The optics were terrible. I know some of the comms people at the RCMP, and I trust they're too smart not to have given the advice for the commissioner to stay until the final question was asked and the family left. Nothing else mattered that day, from the public's perception, and, as tough as it is, whoever the lead communications person was should have insisted the Deputy Commish stay until the bitter end.

What was he thinking? He undermined any positive public perception they might've gained that morning, tough as it would have been.

2019-07-31 16:28:25

I don't know what happened in either case. I do think that communications people aren't to blame.
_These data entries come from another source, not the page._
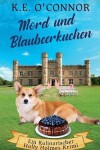 Book cover for Mord und Blaubeerkuchen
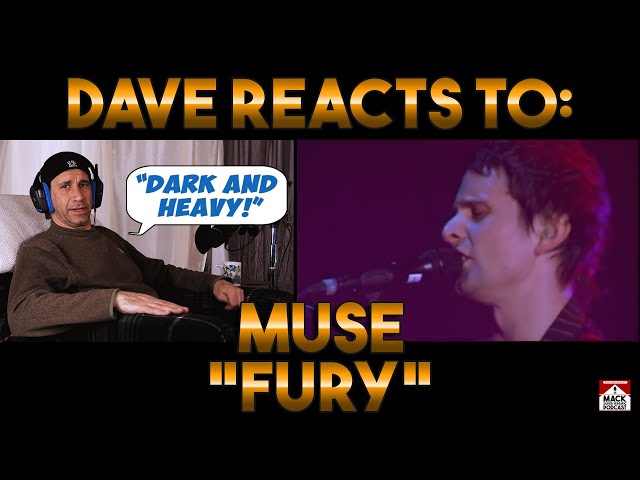 Dave's Reaction: Muse — Fury class=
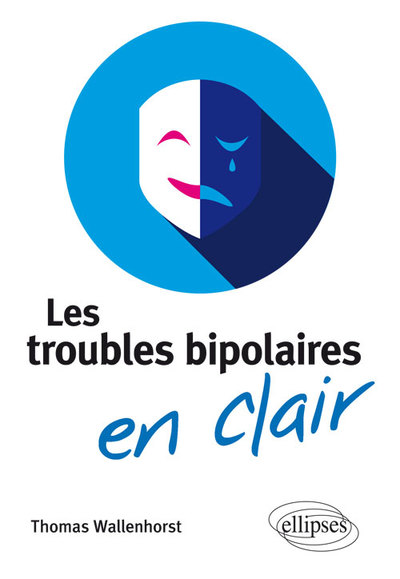 Les  troubles bipolaires en clair (9782340015203-front-cover)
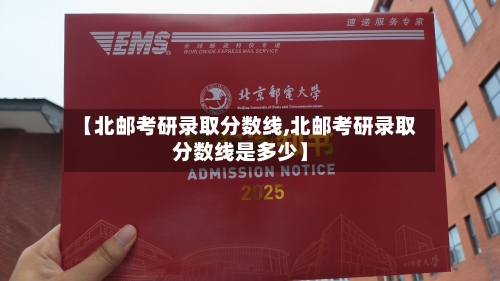 【北邮考研录取分数线,北邮考研录取分数线是多少】-第3张图片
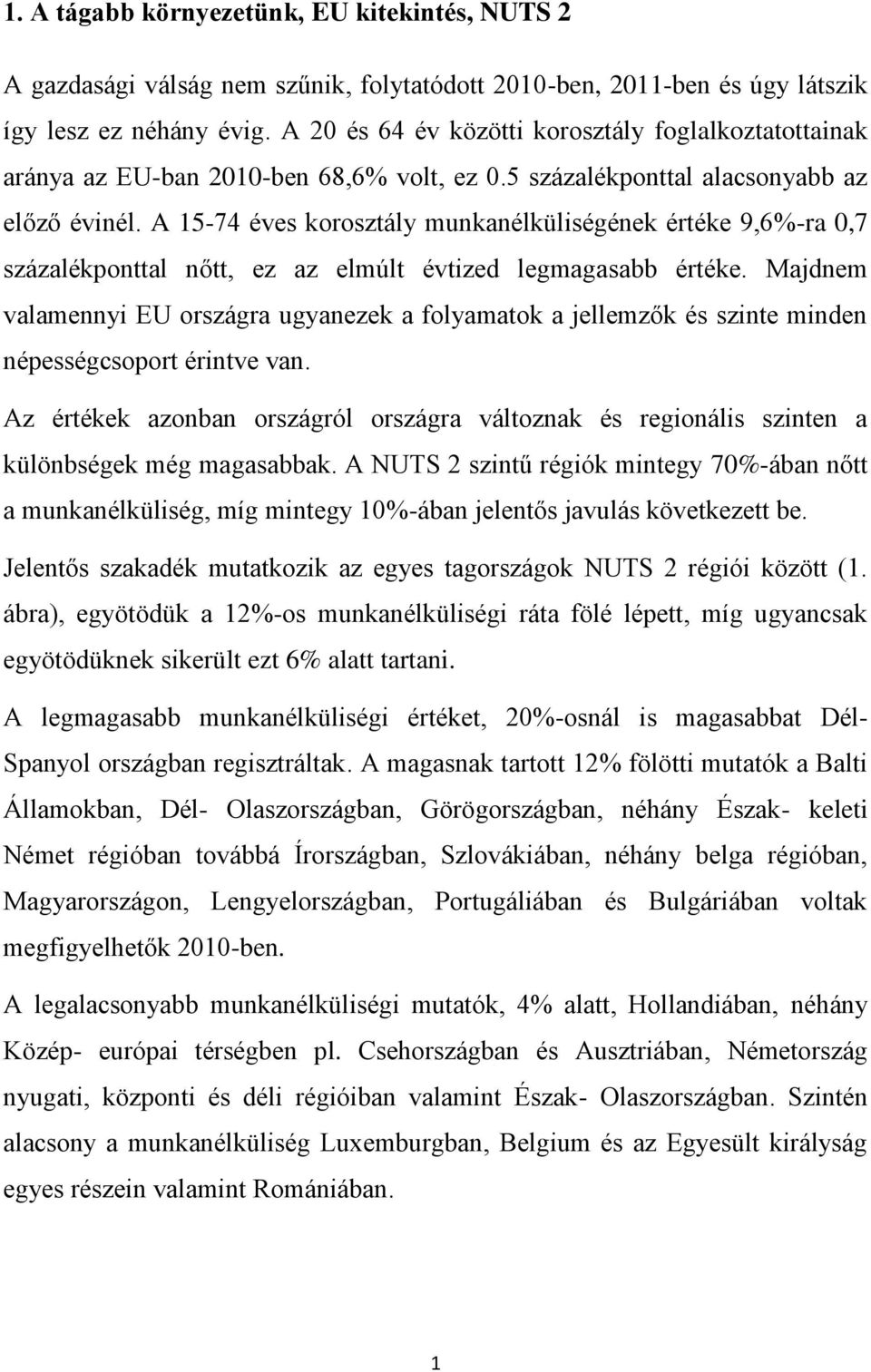 A 15-74 éves korosztály munkanélküliségének értéke 9,6%-ra 0,7 százalékponttal nőtt, ez az elmúlt évtized legmagasabb értéke.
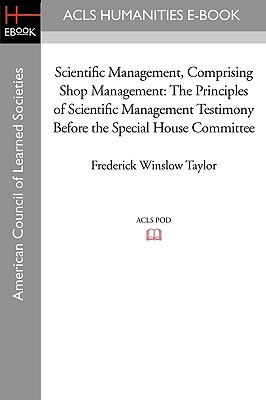 Scientific Management, Comprising Shop Management: The Principles of Scientific Management Testimony Before the Special House Committee by Frederick Winslow Taylor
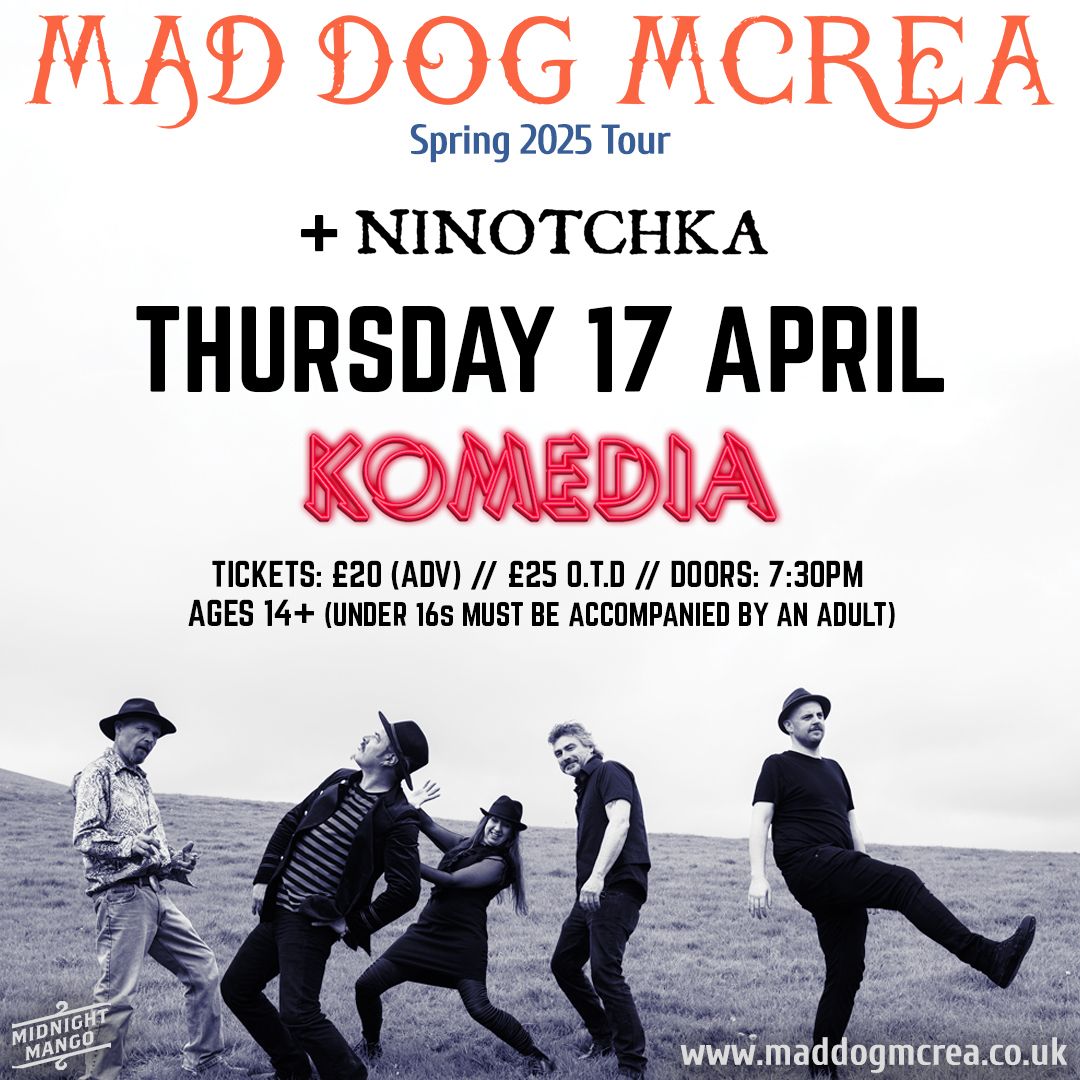 Mad Dog Mcrea + Ninotchka Live at Komedia Bath 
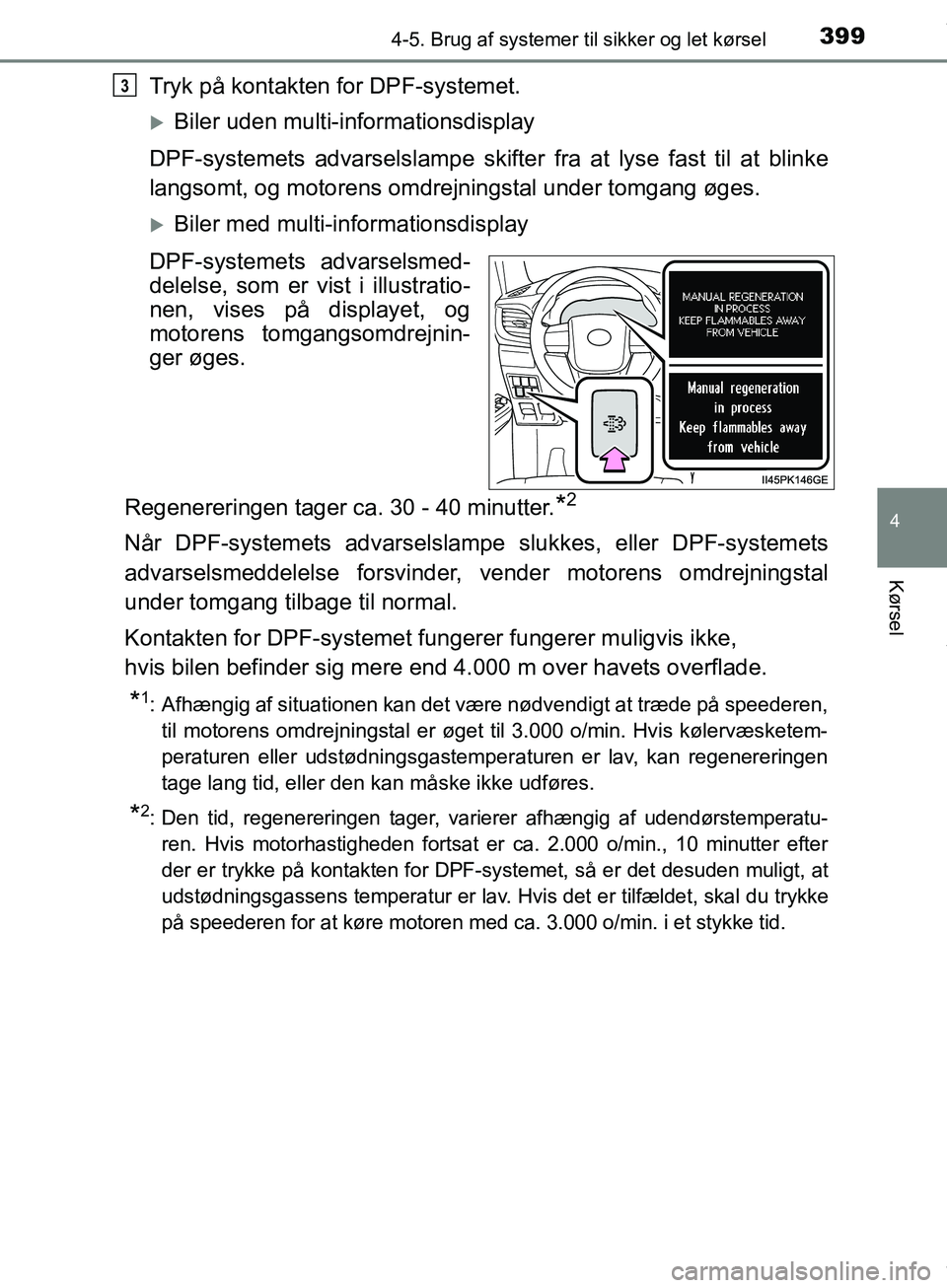 TOYOTA HILUX 2019  Brugsanvisning (in Danish) 3994-5. Brug af systemer til sikker og let kørsel
4
Kørsel
Hilux OM0K375DK
Tryk på kontakten for DPF-systemet.
Biler uden multi-informationsdisplay
DPF-systemets advarselslampe skifter  fra at l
Unfortunately, they take as much heat for what happened.

2019-07-31 15:48:39

Hi Grant You are absolutely correct The optics were terrible

People won't remember every word

But they will remember abrupt behavior

2019-07-31 16:27:01

They remember "how you made them feel".

Thank you.

2019-07-31 13:33:46

Very compelling post. On behalf of communicators and public relations professionals, THANK YOU for acknowledging that it isn't always their fault when these things go sideways. I have learned over my career that my role as a communication professional is to provide my best advice to leadership, but it doesn't mean they have to take that advice. If they don't, then I have to ensure we achieve the desired results (and potentially work on a mitigation strategy in the background if things go sideways). These can be hard lessons for leadership, but hopefully it is a lesson learned.

2019-07-31 16:26:27

I don't know of any good communications/media relations/public relations person who tells their bosses "let's not talk to the media - they don't need to know."

Yes it usually is entrenched management that is resistant to speaking to the media and that's why i said that. Thanks for highlighting it.